Friday, December 28, 2012

Day 279: Medan

I had an early flight from Kuala Lumpur over to Northern Sumatra early this morning. The flight left around 7:30am, and it the bus ride to get to the airport is an hour, so I had to leave quite early to get to there with enough time to feel comfortable. I was flying out of the LCCT, which is the low-cost budget airline terminal, and you can definitely see where the low cost part comes in. Things were pretty disorganized and checking-in/dropping off bags was a massive free-for-all of people pushing towards the front without much of a queuing system. Luckily I came with time to spare and managed to get through everything without any of the frantic scrambling I try very hard to avoid.

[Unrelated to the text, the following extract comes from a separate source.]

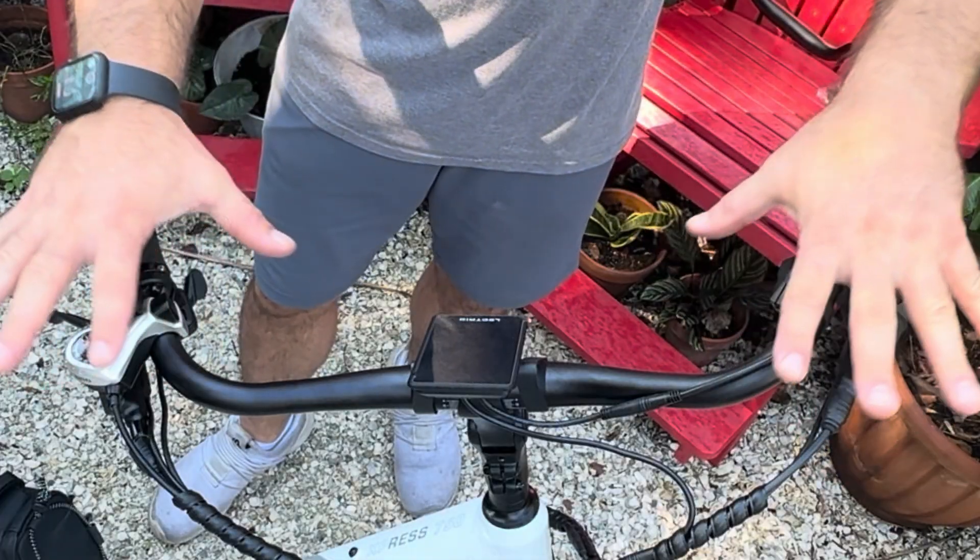I'm going to take my 31.8 to 27.2 shim, go ahead and sit that in there, tighten it down, and give my seat a feel.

Medan itself isn't much of a tourist destination, but it's the biggest city in the center of quite a few interesting things in North Sumatra part of Indonesia. It's one of those rare cities where the airport is actually near the city center, and I just avoided the swarm of taxis and tuk-tuks and just walked from the airport to my hostel and fortunately he extra weight of the stuff I bought in KL was barely noticeable. It was still early when I got to the hostel and my room wasn't ready, so I left my bags and went off on a lengthy walk without a map or any knowledge of the city at all.

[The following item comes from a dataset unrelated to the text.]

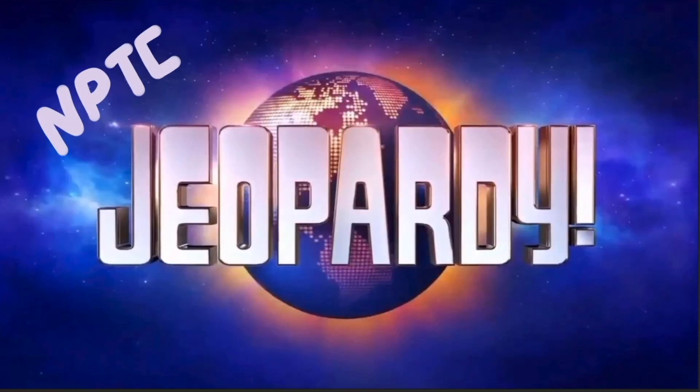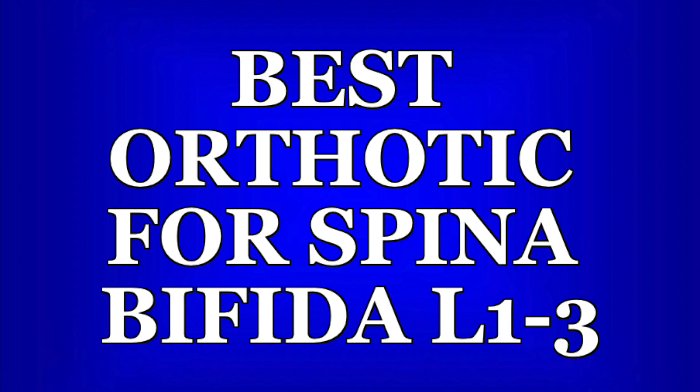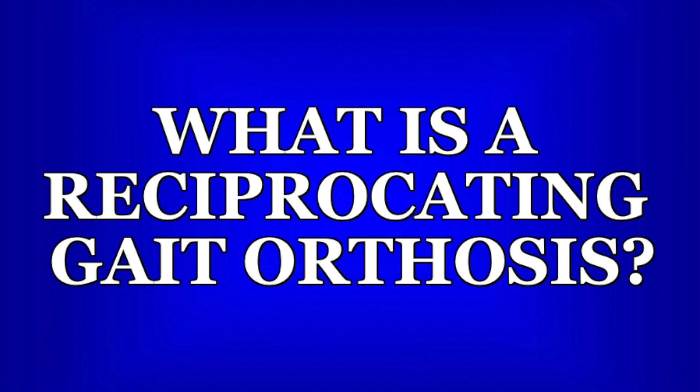Now it's time for NPTE Jeopardy! Pause the video now if you want time to read and think about the question. Five, four, three, two, one. This patient would likely use a rolling walker as well, but the level of impairment suggests limited hip and knee function requiring a more intense orthotic with some level of assist. However, they will likely be able to move at least against gravity for hip flexion and knee extension.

Medan is a bit rough around the edges. It reminds me a bit of some of the more sane cities in India. It's hard to go a few minutes on foot without somebody trying to get you into their tuk-tuk or on the back of their motorbike, as if the only reason you were walking around has to be that nobody else has bothered to offer you a ride yet. I was obviously something of a rarity. All the old men sitting in front of shops would call out and wave to me, and lots of people came up to talk to me. Even though it does get a bit tiring when you can't just have a little peace, I much prefer the ones who just come up and want to talk out of curiousity to the ones always trying to offer you things. At least here people are pretty accepting when you just say no or shake your head, and don't hound after you. The streets all look virtually identical, full of squat little random shops and apartments. I can't think of a single building I saw with more than 3 floors, or a single recognizable brand name other than one McDonalds I came across.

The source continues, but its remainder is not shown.